Saat ini, batu bara masih menjadi tulang punggung ekonomi nasional. Sektor ini menyumbang sekitar 3,6 persen terhadap PDB nasional, serta mendominasi ekonomi daerah, seperti 40 persen di Kalimantan Timur, 25 persen di Sumatra Selatan, dan 15 persen di Kalimantan Selatan. Namun, laporan ESI menunjukkan kontribusi tersebut bisa menyusut seiring perubahan global dan domestik.
Dari hasil analisis SWOT terhadap 12 perusahaan batu bara besar, ESI menemukan sejumlah kekuatan yang dapat dimanfaatkan untuk transisi. Sebagian besar tambang merupakan aset yang sudah matang, dengan biaya investasi rendah dan neraca keuangan yang kuat. Rata-rata rasio utang terhadap ekuitas berada pada level 21 persen atau jauh lebih rendah dari rata-rata global sebesar 101 persen.
Putra Adhiguna, salah satu penulis laporan ESI, menyebut kombinasi faktor seperti kepercayaan pasar, stabilitas permintaan jangka menengah, dan profitabilitas tinggi menempatkan Indonesia dalam posisi strategis untuk memulai transisi. “Untuk itu, kami mendorong perusahaan tambang Indonesia untuk meninggalkan sikap wait-and-see,” katanya.

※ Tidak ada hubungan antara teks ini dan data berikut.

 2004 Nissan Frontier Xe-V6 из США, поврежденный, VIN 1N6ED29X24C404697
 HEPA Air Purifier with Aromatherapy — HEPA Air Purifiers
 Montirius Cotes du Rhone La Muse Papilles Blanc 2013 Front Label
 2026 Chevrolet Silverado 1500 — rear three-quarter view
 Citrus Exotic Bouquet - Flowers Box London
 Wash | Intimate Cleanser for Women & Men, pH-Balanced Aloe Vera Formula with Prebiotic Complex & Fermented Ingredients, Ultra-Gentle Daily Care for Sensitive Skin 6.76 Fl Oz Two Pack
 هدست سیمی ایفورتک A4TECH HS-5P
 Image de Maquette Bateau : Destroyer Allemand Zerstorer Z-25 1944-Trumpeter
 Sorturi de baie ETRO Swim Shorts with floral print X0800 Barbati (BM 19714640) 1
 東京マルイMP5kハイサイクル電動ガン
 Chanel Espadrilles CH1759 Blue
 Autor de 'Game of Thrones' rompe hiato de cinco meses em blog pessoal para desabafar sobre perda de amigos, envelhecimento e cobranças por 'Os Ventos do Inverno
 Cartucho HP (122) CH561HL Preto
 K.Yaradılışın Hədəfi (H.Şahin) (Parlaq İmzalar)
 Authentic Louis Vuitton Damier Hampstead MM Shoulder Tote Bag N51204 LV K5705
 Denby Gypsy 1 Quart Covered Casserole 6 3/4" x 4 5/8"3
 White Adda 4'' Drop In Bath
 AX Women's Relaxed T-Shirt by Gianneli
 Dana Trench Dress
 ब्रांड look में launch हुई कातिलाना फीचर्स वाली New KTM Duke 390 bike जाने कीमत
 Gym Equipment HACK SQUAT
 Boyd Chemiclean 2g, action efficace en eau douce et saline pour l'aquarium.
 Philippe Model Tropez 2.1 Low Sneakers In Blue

Meski demikian, terdapat risiko struktural yang signifikan. Ekspor batu bara Indonesia masih sangat bergantung pada Cina dan India, yang menyerap 63 persen ekspor pada 2023. Selain itu, sebagian besar keuntungan hanya terpusat pada 28 perusahaan besar, dengan ketergantungan produksi pada segelintir tambang utama.
Regulasi pemerintah seperti kewajiban pasar domestik (DMO), retensi devisa (DHE), dan skema royalti yang lebih tinggi juga dapat menggerus insentif perusahaan untuk beralih ke bisnis berkelanjutan.
“Menemukan insentif bagi sektor ini untuk beralih ke bisnis yang lebih berkelanjutan sangat penting agar perusahaan-perusahaan ini tetap dapat berkontribusi bagi masa depan ekonomi Indonesia dan daerah-daerah penghasil batu bara,” ujar Putra.
Hingga kini, baru sedikit perusahaan yang mengumumkan langkah parsial untuk mengurangi emisi, menjajaki energi terbarukan, atau berekspansi ke sektor lain. Sebagian besar inisiatif masih dalam tahap awal dan belum menunjukkan perubahan berarti.
“Perusahaan yang menunda perubahan demi mengejar keuntungan jangka pendek, atau hanya menunggu cadangan habis, justru akan membatasi fleksibilitasnya dan meningkatkan risiko jangka panjang,” kata Ilango.
Ia menegaskan lanskap energi global telah berubah. “Di Cina, importir batu bara terbesar dari Indonesia, lebih dari tiga perempat pertumbuhan permintaan listriknya dipenuhi oleh energi bersih. Ini menunjukkan arah yang tidak bisa lagi diabaikan oleh Indonesia dan harus segera direspons dengan strategis,” katanya.